One of the real pleasures of the Indie publishing world is coming across new writers and publishers you might never have found without the burgeoning online community. I love hearing from new authors and finding out what they are doing, and really appreciate the amazing inventiveness and generosity so many show.
I just found a great post by one of my visitors, Joynell Schultz. Joynell writes speculative fiction, something I’ve never tried. In her most recent post she describes all of the techniques and strategies she tried to get her first Kindle book “out there”, what worked and what didn’t. Read her post here and take a look at her book. You can buy it on Amazon at the current price of $2.99 (she started at 99c) and you can download six chapters free – she will tell you where in her post.

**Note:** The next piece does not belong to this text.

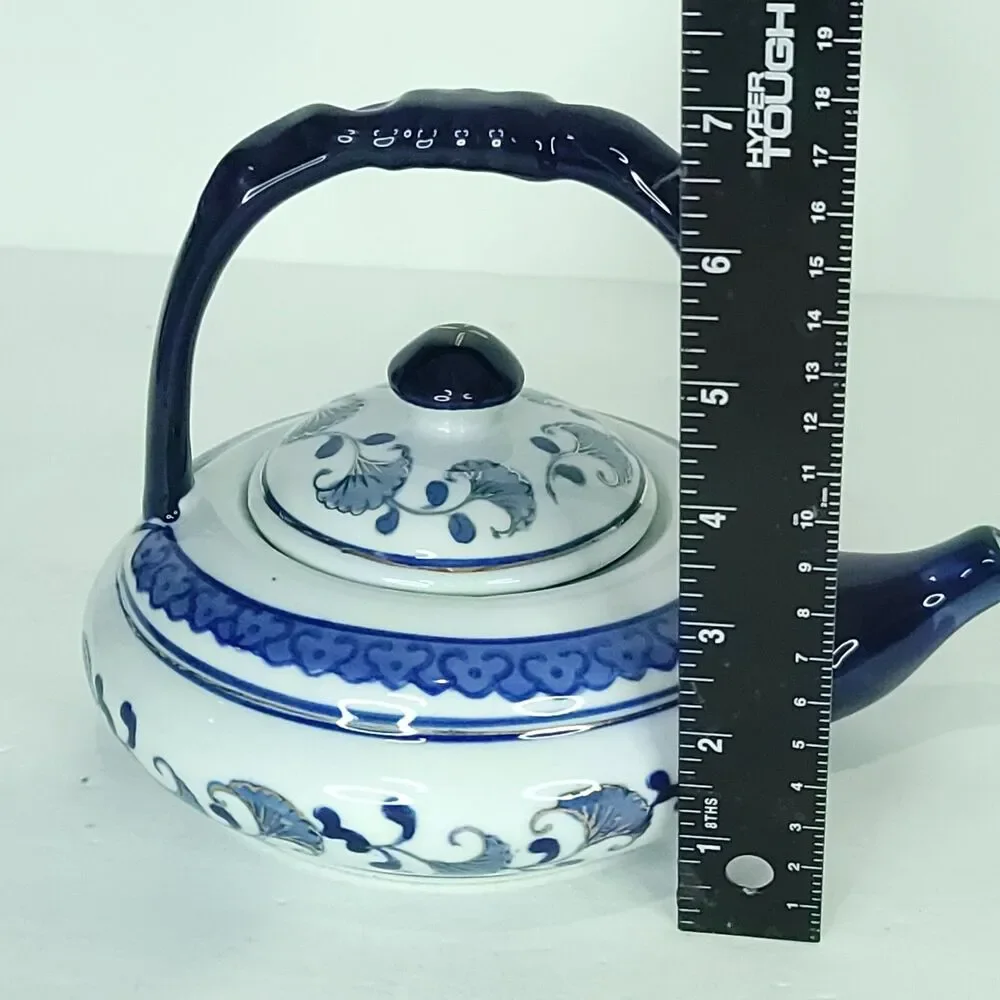 Vintage Collectable Cobalt Blue and White Gold Accent Ceramic Teapot 6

I do want to make a bit of a demurral here. While publishing free chapters may be a good way to get readers interested in your work I am not so sure about the wisdom of selling books on Amazon for 99c, or worse, making them “free”. If you think that is what your work is worth, why would I want to read it? If you write purely to find readers, put your work on your website or one of the sharing sites such as Wattpad but don’t put it up on Kindle. Amazon is a commercial site where people who want to sell their work meet other people who want to buy it. I can see an argument for 99c short stories or novelettes – maybe – but novel length work which has been invested with love and care, edited properly, with a good cover and hopefully a good story MUST be worth more than one dollar or worse, zero. I guess the next step is to pay people to download your book!

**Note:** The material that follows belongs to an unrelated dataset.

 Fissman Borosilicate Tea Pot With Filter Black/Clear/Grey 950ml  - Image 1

At the other extreme, traditional publishers are getting way with murder, pricing their e-book versions at absurdly high prices to artificially prop up the print book market. Don’t think you are doing the authors a favour by buying their e-books – the contract will ensure that the publisher still gets most of it just as if it was a print book, even though it costs them nothing to make available in digital form, so it’s all more profit for them.
There are millions of readers in the world. A lot of them want to read for free, so good, let them, give it to them however you like but don’t call it a published book. Others want to buy books for their collection. I have bought hundreds and hundreds of ebooks for my Kindle collection over the years and I don’t plan to stop. But I’m not going to clutter it up with cheap stuff. Sometimes I’ve tried something for a couple of dollars and usually I can’t be bothered reading it past the first chapter or so. If it’s annoying enough I might delete it altogether. Until recently I didn’t write reviews of books I thought were bad, but I think the time has come when those of us who buy Kindle books call them out when they are terrible. Amazon reviews seem to determine which books succeed by getting noticed in the first place. Amazon itself has tightened up on the review process. Now they could tighten up even more by banning full-length books priced below $2.99.
If you’ve written a good book, price it properly to reflect that. Good on you, Joynell, for raising your price. You’ve got good reviews and your second book should have eager readers waiting.